Aksi mengepung Istana untuk menagih janji Jokowi itu, kata Mujito, merupakan keputusan Rapat Pimpinan Nasional (Rapimnas) PPDI di Blora, Jawa Tengah, Senin (16/7/2018). Rapat tersebut dihadiri ratusan pengurus PPDI kabupaten dan provinsi dari seluruh Indonesia.
“Awal Agustus kami akan gelar aksi di Istana dengan jumlah massa dua kali lipat daripada aksi tahun lalu,” jelasnya.
Menurutnya, janji adalah utang. Bila utang itu belum dibayar maka kami akan tagih. Ketika janji Presiden Joko Widodo mengangkat perangkat desa menjadi pegawai negeri sipil (PNS) belum terealisasi, ratusan ribu perangkat desa pun akan mengepung Istana Negara, Jakarta, untuk menagih janji.
Sebelumnya, PPDI pernah menggelar aksi kepung Istana pada Selasa (24/10/2017) dengan menurunkan massa sekitar 100 ribu orang. Tuntutannya pun sama yakni perangkat desa diangkat menjadi PNS, atau penghasilannya disetarakan dengan PNS golongan IIA.
Pada saat kampanye di Bandung, Jawa Barat, Kamis (3/7/2014), Jokowi dan Jusuf Kalla berjanji mengangkat para perangkat desa menjadi PNS secara bertahap. Program ini pun masuk Nawacita. Namun hingga akhir masa pemerintahan Jokowi-JK, janji itu tak kunjung terealisasi.
Mengapa aksi digelar bertepatan dengan pendaftaran capres, menurut Mujito, selain untuk mengingatkan Jokowi agar merealisasikan janjinya, juga untuk menarik perhatian capres lain agar bila terpilih nanti mau mengangkat para perangkat desa menjadi PNS.
“Tuntutan kami sederhana, realisaikan janji itu.

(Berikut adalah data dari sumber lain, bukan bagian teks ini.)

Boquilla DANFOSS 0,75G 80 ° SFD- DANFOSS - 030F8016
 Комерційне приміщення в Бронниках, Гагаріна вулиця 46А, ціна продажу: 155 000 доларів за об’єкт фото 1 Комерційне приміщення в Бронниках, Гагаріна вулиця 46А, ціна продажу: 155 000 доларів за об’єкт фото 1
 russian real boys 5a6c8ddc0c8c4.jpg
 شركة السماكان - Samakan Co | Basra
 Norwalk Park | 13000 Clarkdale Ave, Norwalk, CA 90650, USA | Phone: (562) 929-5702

Kalau terealisasi, berarti Jokowi lanjut dua periode. Kalau tidak, berarti 2019 ganti presiden,” cetus Mujito.
Apalagi, lanjut Mujito, peningkatan penghasilan perangkat desa menjadi setara PNS golongan IIA telah menjadi kesepakatan Rapat Dengar Pendapat Umum (RDPU) Komisi II DPR RI dengan Kementerian Dalam Negeri dan Kementerian Keuangan yang juga diikuti PPDI pada 16 April 2018.
PPDI, tegas Mujito, akan menggelar demonstrasi di Istana Negara paling lambat sebelum 16 Agustus 2018, karena sehari menjelang peringatan Hari Kemerdekaan RI, 17 Agustus 1945, itu adalah saatnya Presiden RI membacakan Nota Keuangan dan Pengantar RAPBN 2019 di depan Sidang DPR RI.
“Tapi sampai hari ini belum ada tanda-tanda peningkatan penghasilan perangkat desa menjadi setara PNS golongan IIA bakal dimasukkan dalam RAPBN 2019. Sebab itu, aksi akan kita majukan awal Agustus,” paparnya.
Kalau sampai perangkat desa demo di Istana, terang Mujito, maka ada dua masalah yang muncul sekaligus, ibarat pedang bermata dua. Satu sisi Jakarta akan macet, sisi lain pelayanan masyarakat dari daerah hingga pusat akan terganggu.
Perangkat desa adalah ujung tombak yang melayani masyarakat dari bayi lahir hingga mati, dari membuat surat kelahiran hingga surat kematian. Sejelek-jelek perangkat desa, mereka adalah tokoh masyarakat di lingkungannya yang sudah tentu punya massa.
“Saat ini jumlah anggota PPDI di seluruh Indonesia 890 ribu orang. Jangan remehkan perangkat desa,” tegasnya.
Ditanya apakah PPDI punya capres/cawapres yang akan didukung pada Pilpres 2019, Mujito mengaku punya, tapi ia tak menyebut nama. "Yang jelas dia adalah sosok yang tahu akan kebutuhan perangkat desa, dan juga bisa menjaga NKRI (Negara Kesatuan Republik Indonesia, red),” tandasnya.
Terpisah, Sesepuh PPDI Suhendra Hadi Kuntono mengimbau agar para perangkat desa menahan diri, dan menunda aksi sampai 16 Agustus 2018. “Bila pada tanggal itu di Nota Keuangan dan Pengantar RAPBN 2019 yang dibacakan Presiden Jokowi tidak tercantum nomenklatur peningkatan kesejahteraan perangkat desa dengan menyetarakan penghasilannya sama dengan PNS golongan IIA, silakan menggunakan hak konstitusionalnya sebagai warga negara, tapi tidak boleh anarkis," katanya.
Ditanya apakah dirinya salah satu nama yang diinventarisir PPDI untuk disodorkan sebagai cawapres ke Jokowi atau capres lain, Suhendra mengaku tak mau “GR” (gede rasa). Hanya saja, katanya, bila negara sudah memanggil, apalagi untuk menjadi cawapres, siapa pun anak bangsa ini tak boleh menolak.